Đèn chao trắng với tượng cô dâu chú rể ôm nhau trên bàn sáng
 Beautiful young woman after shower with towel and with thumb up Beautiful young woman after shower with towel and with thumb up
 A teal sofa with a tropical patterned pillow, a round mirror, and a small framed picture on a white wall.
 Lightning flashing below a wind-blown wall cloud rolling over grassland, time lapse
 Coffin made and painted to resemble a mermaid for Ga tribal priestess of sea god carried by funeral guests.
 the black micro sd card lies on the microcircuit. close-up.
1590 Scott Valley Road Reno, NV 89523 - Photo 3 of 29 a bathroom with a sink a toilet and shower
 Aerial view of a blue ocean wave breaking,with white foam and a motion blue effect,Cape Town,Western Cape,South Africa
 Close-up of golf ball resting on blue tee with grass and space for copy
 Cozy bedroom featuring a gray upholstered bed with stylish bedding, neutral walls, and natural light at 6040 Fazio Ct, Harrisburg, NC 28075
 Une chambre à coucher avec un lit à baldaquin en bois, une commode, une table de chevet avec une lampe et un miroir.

> Task item: The only output should be the lines from the one containing "1590 Scott Valley" through the final line of the material above, copied exactly.

> Completed exercise:
1590 Scott Valley Road Reno, NV 89523 - Photo 3 of 29 a bathroom with a sink a toilet and shower
 Aerial view of a blue ocean wave breaking,with white foam and a motion blue effect,Cape Town,Western Cape,South Africa
 Close-up of golf ball resting on blue tee with grass and space for copy
 Cozy bedroom featuring a gray upholstered bed with stylish bedding, neutral walls, and natural light at 6040 Fazio Ct, Harrisburg, NC 28075
 Une chambre à coucher avec un lit à baldaquin en bois, une commode, une table de chevet avec une lampe et un miroir.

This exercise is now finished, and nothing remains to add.